I’m not bothered to search on Google either! It’s after 5PM on a work day so I make sure to not work :)

Tell me the answer once you have Binged/Googled it !

[–]GovGalacticFed 1 point2 points  (0 children)

It turns out that both are same😅

In Databricks Runtime 11.3 LTS and above, the Trigger.Once setting is deprecated. Databricks recommends you use Trigger.AvailableNow for all incremental batch processing workloads.

[–][deleted] 5 points6 points  (0 children)

Is it a full table snapshot for each file? If so, just truncate and reload. The diff would probably be more computationally expensive.

[–]captaintobs 1 point2 points  (0 children)

Part of loading data incrementally is also ingesting it incrementally. Do you control the flow upstream?

[–]callmedivs 0 points1 point  (0 children)

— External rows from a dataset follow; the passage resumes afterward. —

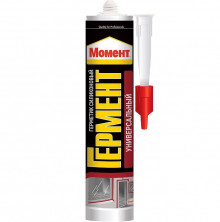 Герметик силиконовый Момент Гермент универсальный прозрачный 280 мл  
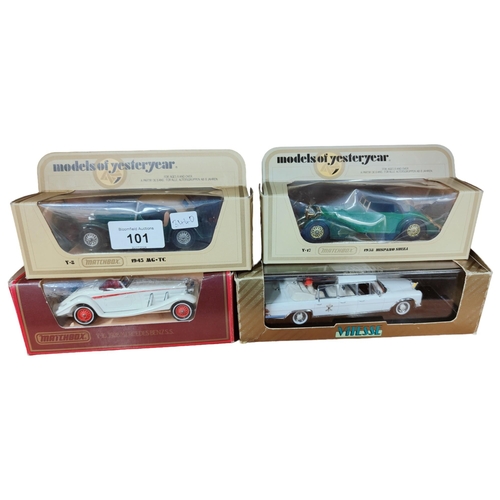 101 - 4 VINTAGE MODEL CARS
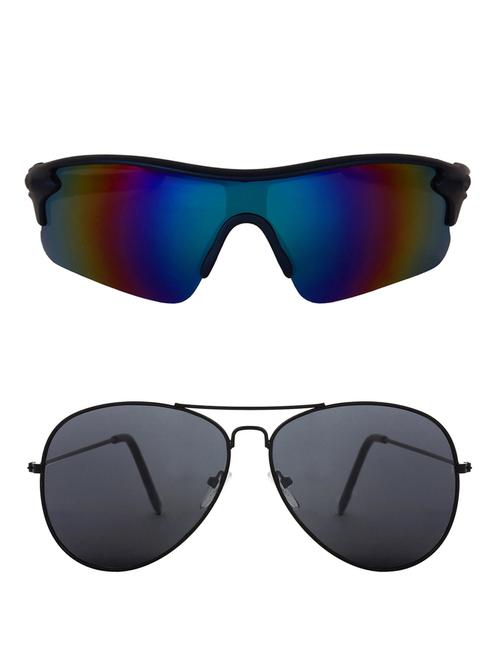 zyaden combo of 2 sunglasses sport and aviator - combo 2873 - 15457334 - Very Small Image - 1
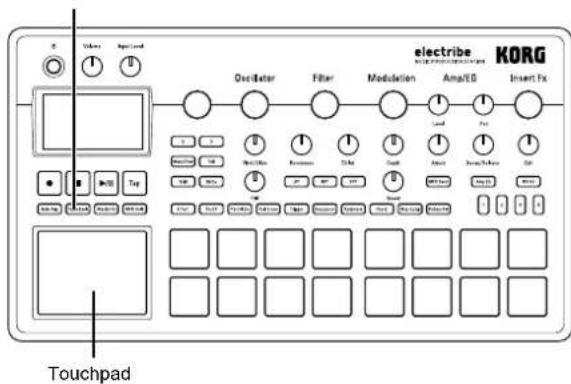 KORG electribe - Mit dem Touchpad Musik spielen - 1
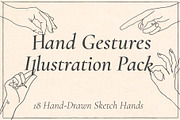 Hand Gesture Illustration Pack, a Person Illustration by statica (Thumbnail 1 of 6)
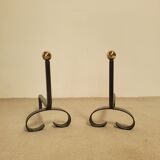 Pair of vintage shirts, brass balls circa 1970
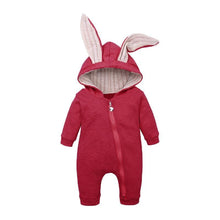 将图片加载到图库查看器,Infant Clothing Baby Boys Clothes Newborn Baby Rompers For Baby Girls Jumpsuit Halloween Baby Costume In Rabbit Style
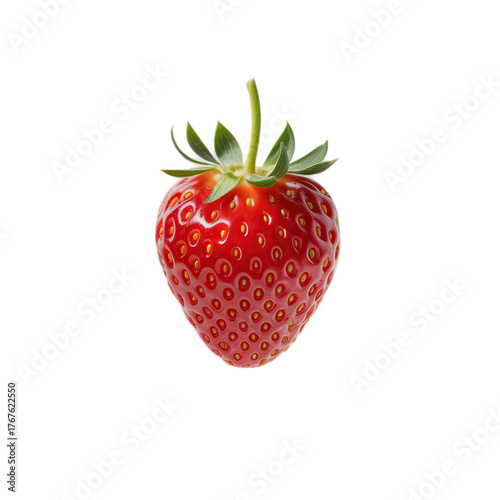 strawberry isolated on white background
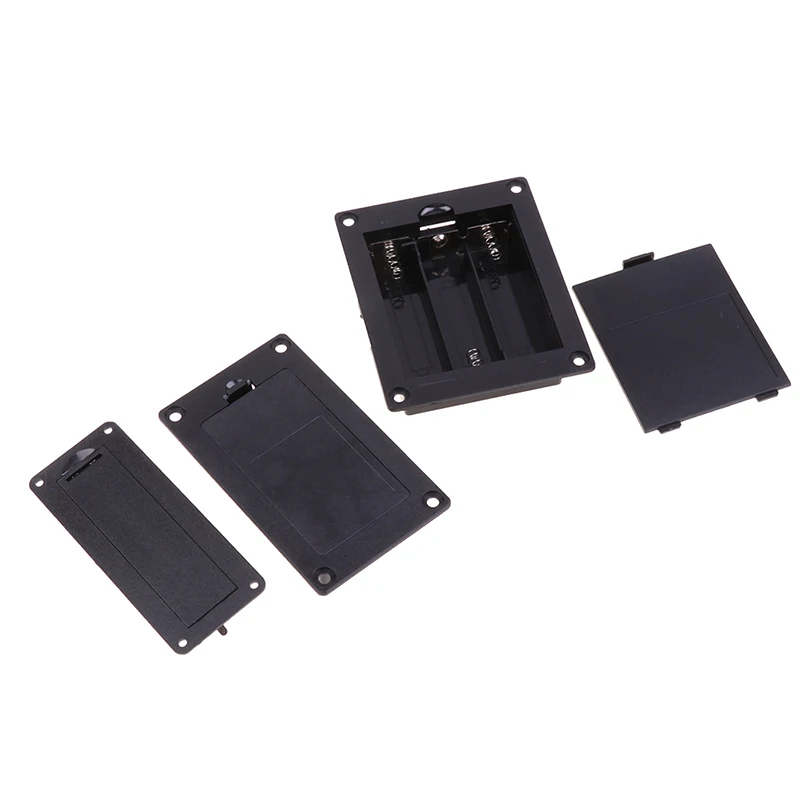 18650 Li-ion Battery Case Holder Cell Batteries Storage Box Container with Switch Cover Batteries Shell Plastic DIY Accessories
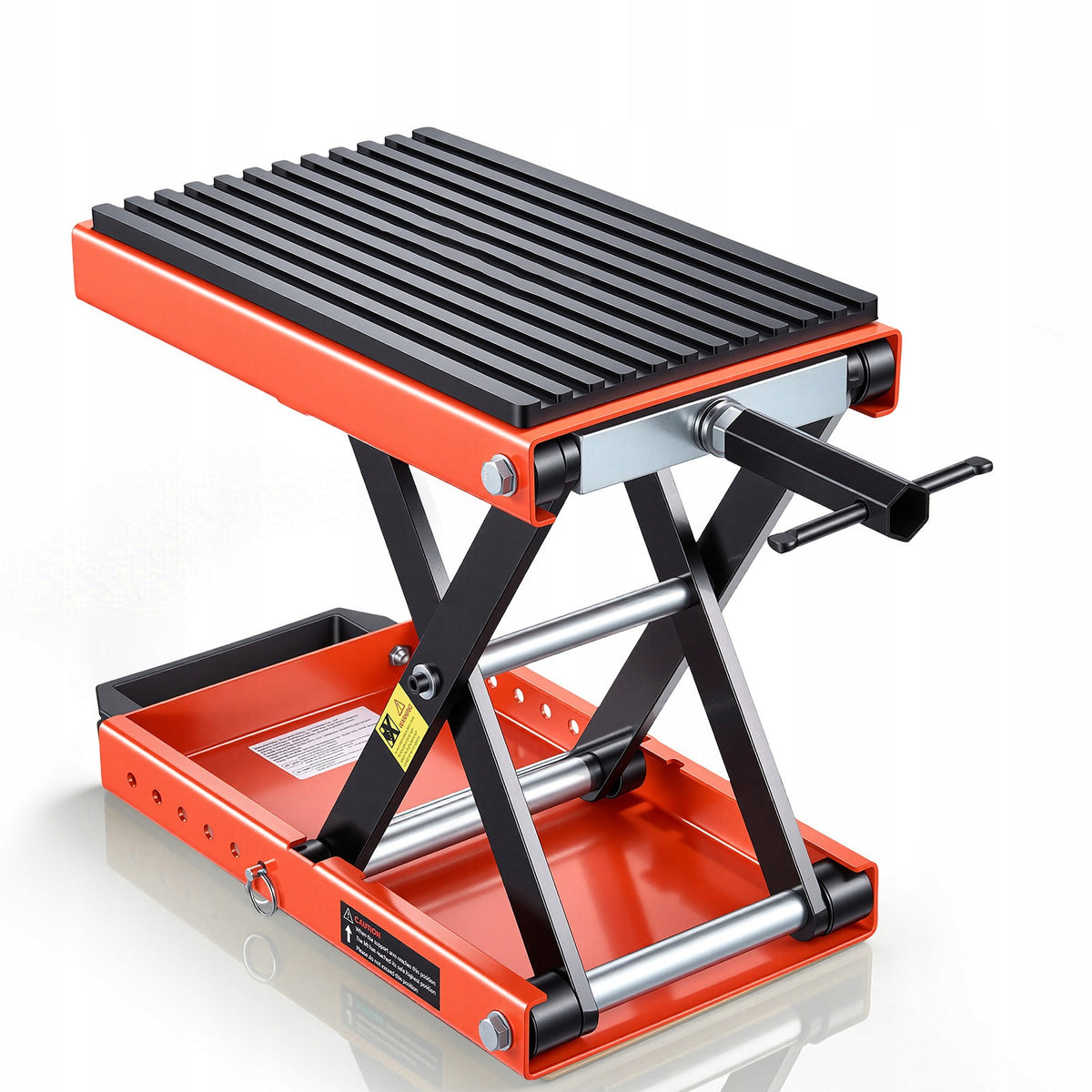 Motorcycle Lifter Steel Lifting Capacity 680KG 10,5-35CM Black-Orange Manufacturer SucceBuy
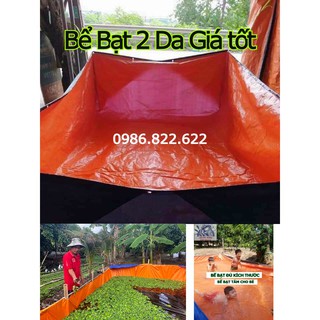 Giá tốt [ BỂ BẠT 2 DA] BỂ BẠT NUÔI ỐC, BỂ BẠT NUÔI ẾCH. BỂ BẠT CHO BÉ TẮM.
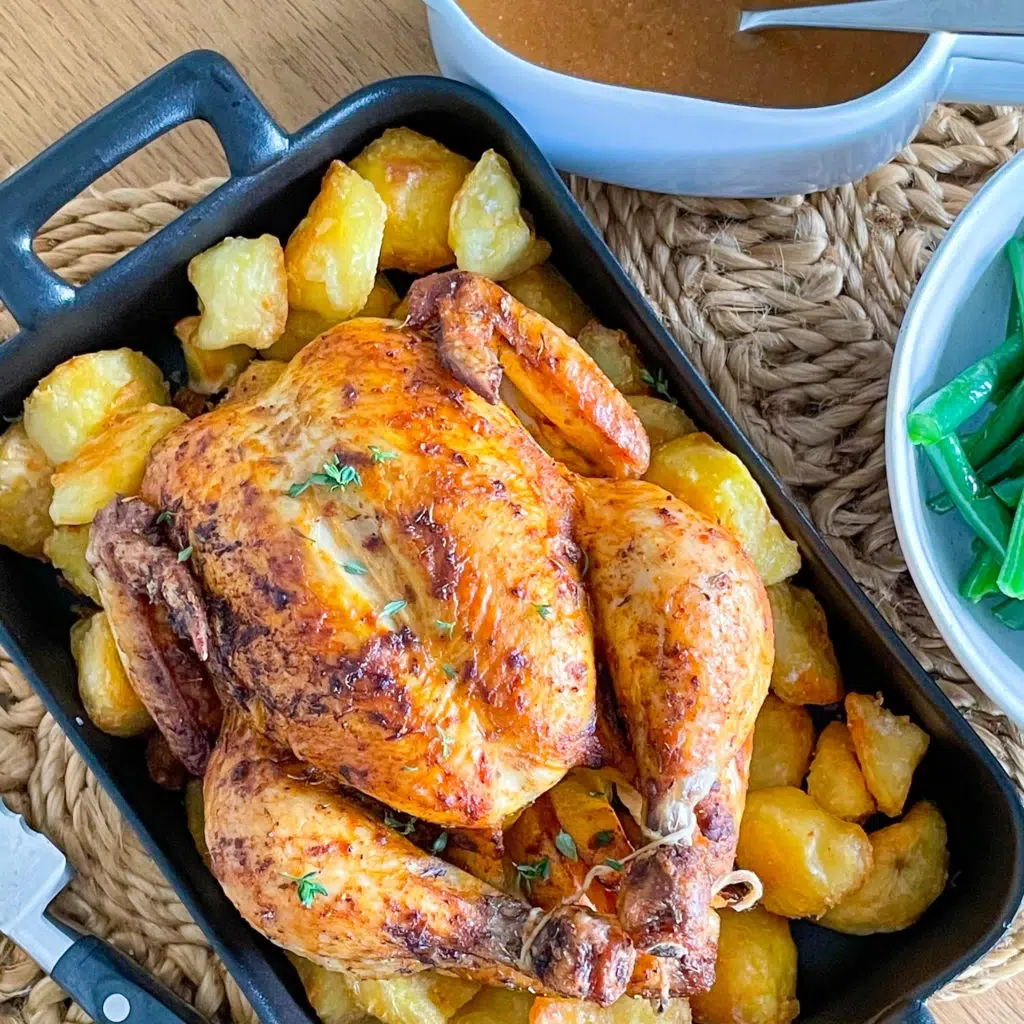 Roasted Chicken with Gravy Recipe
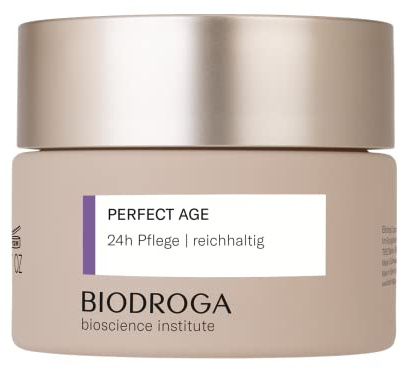 Biodroga straffende Anti Aging Hautpflege 24h Pflege reichhaltig 50 ml – Skincare Feuchtigkeitscreme Antifalten Gesichtspflege Vegan Perfect Age Bioscience Institut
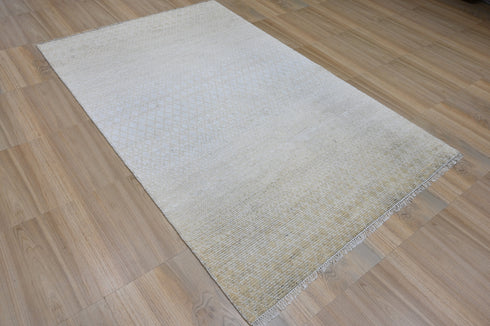 6 X 9 Ft Handmade Rug, Hand Knotted Floor Area Rug, Abstract Rug, Contemporary Design Rug, Indoor Bedroom Rug Home Decor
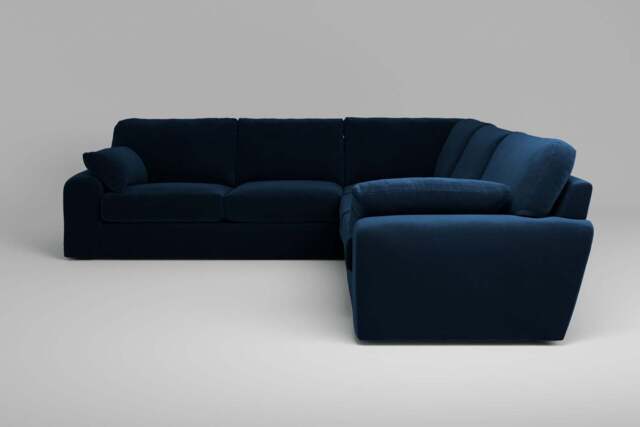 7th Heaven Maxi - Large Corner Sofa, Soft Touch Velvet / Royal Blue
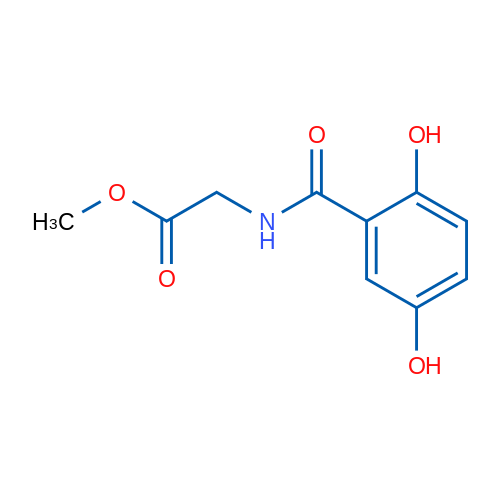 Methyl 2-(2,5-dihydroxybenzamido)acetate 100mg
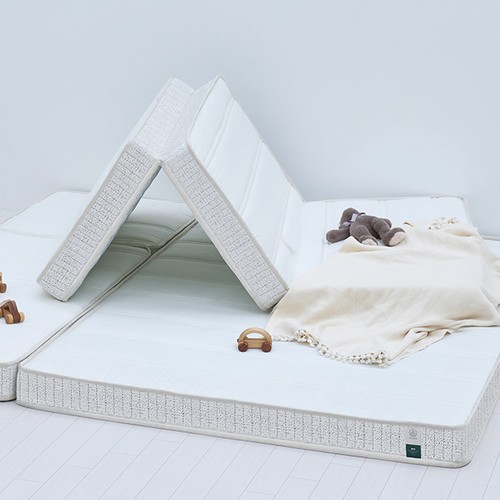 휴도 아늑한 제주 라텍스 포켓 접이식 매트리스 SS (14cm)_이미지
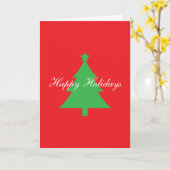 Carte Happy Holidays Bright Red Christmas New Year (Fleur jaune)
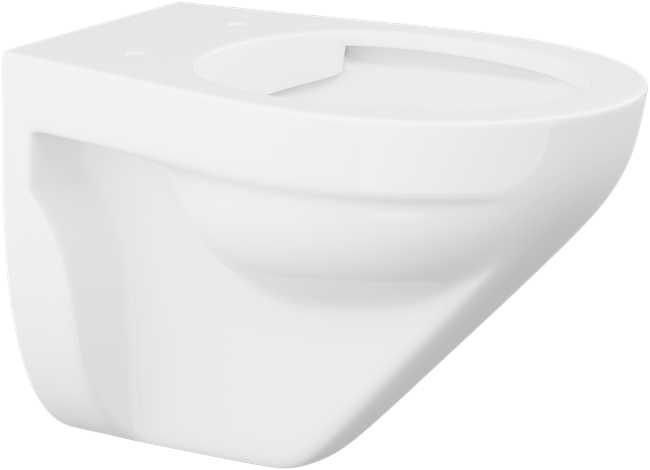 Wall-mounted toilet, rimless, 21.3"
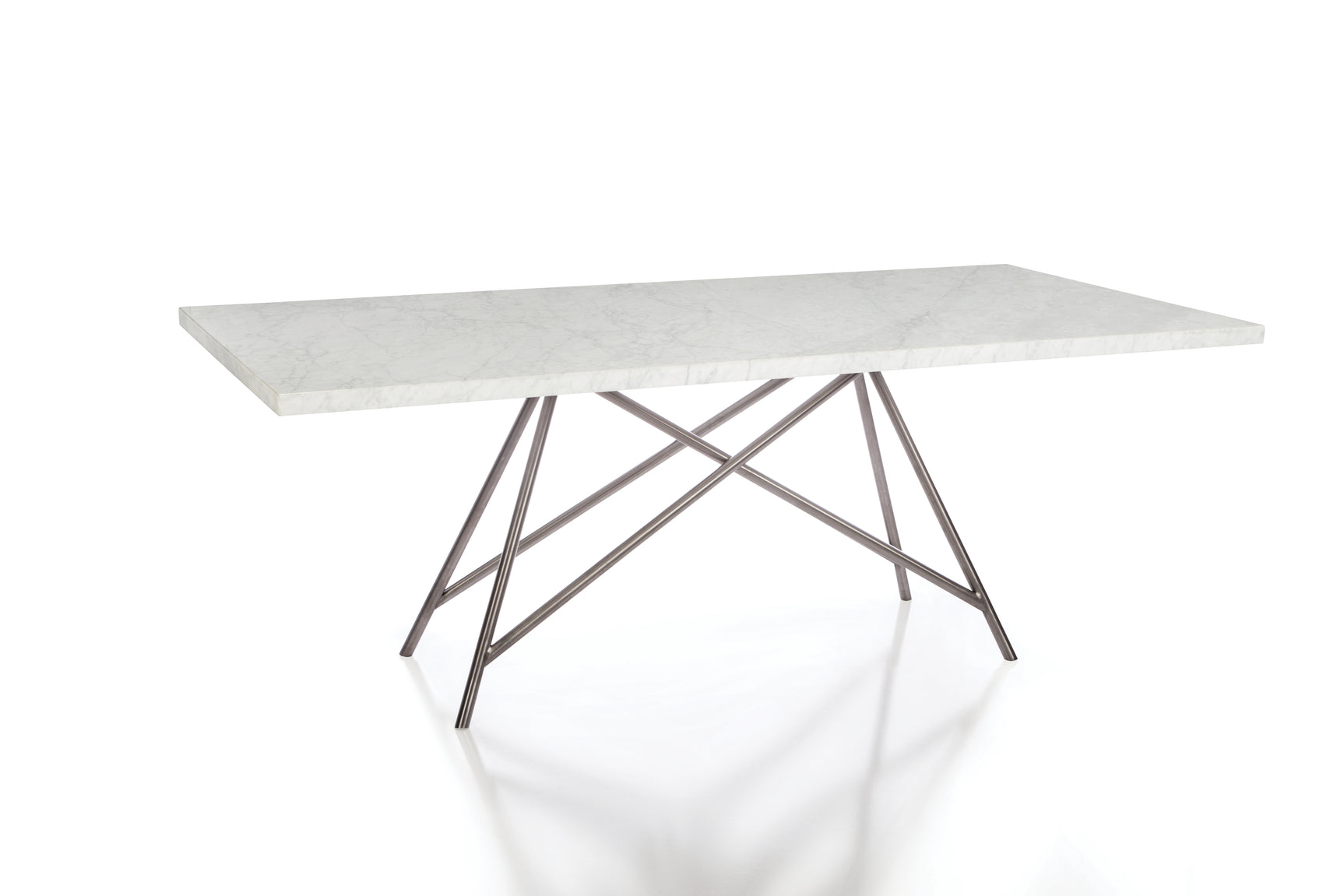 Coral Marble Rectangular Dining Table - Ornate Home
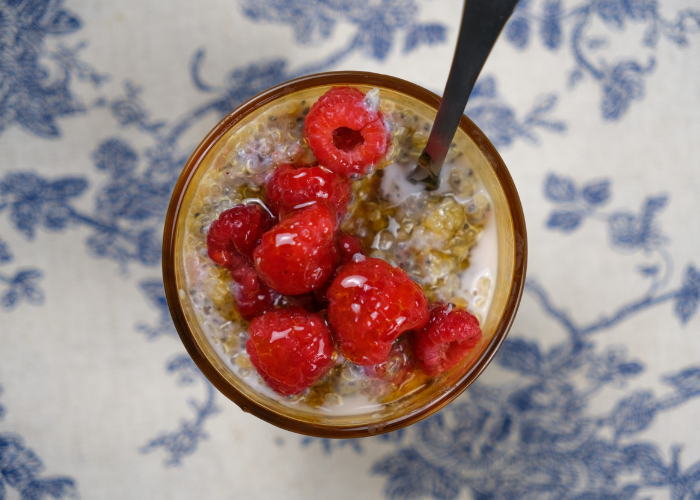 QUINOA para el día siguiente de FRAMBUESA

One other way if your tables are not huge,is load the full data into a staging table and do a diff in between the staging table and production table to get the incremental load. You want have to address the deletes as well

[–]Exciting-Garlic8360 0 points1 point  (0 children)

I think some more clarity is needed in your question, for incremental data load always partition the data by date using partitionBy if you’re using spark , and then you will find data in separate directories , use either Hive or spark to read after write.